Using the dataflow Firetasks

This group includes custom Firetasks to manage dataflow between Fireworks. The input data and output data are stored in the Firework spec and passed to the subsequent Firetasks and Fireworks via FWAction objects. The module includes:

  • CommandLineTask

  • ForeachTask

  • JoinDictTask

  • JoinListTask

  • ImportDataTask

To use a Python function in a dataflow context, see e.g. PyTask.

CommandLineTask

The CommandLineTask provides methods to handle commands in a shell with command line options, manage the inputs and outputs of commands and receive file metadata from parent Fireworks and pass file metadata to child Fireworks.

Required parameters

  • command_spec (dict): a dictionary specification of the command. It has the following structure:

    command_spec = {
        'command': (list), # mandatory, list of strings
        inputs[0]: (dict), # optional
        inputs[1]: (dict), # optional
        # ...
        outputs[0]: (dict), # optional
        outputs[1]: (dict), # optional
        # ...
    }
    

Note

When a str is found instead of dict for some input or output key, for example inputs[1]: 'string', then 'string' is automatically replaced with {spec['string']}.

The command key is a representation of the command as to be used with the Subprocess package. The optional keys inputs[0], inputs[1], …, outputs[0], outputs[0], …, are the actual keys specified in inputs and outputs.

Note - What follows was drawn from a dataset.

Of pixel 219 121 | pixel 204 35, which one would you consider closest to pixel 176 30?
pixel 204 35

The dictionaries dict1, dict2, etc. have the following schema:

{
    'binding': {
        prefix: str or None,
        separator: str or None
    },
    'source': {
        'type': 'path' or 'data' or 'identifier'
                 or 'stdin' or 'stdout' or 'stderr' or None,
        'value': str or int or float
    },
    'target': {
        'type': 'path' or 'data' or 'identifier'
                 or 'stdin' or 'stdout' or 'stderr' or None,
        'value': str
    }
}

Note

If the type in the source field is data then value can be of types str, int and float.

Note

When a str is found instead of dict for some source, for example {'source': 'string'}, then string is replaced with spec['string'].

Optional parameters

  • inputs (list): a list of keys, one for each input argument; default is empty.

  • outputs (list): a list of keys, one for each output argument; default is empty.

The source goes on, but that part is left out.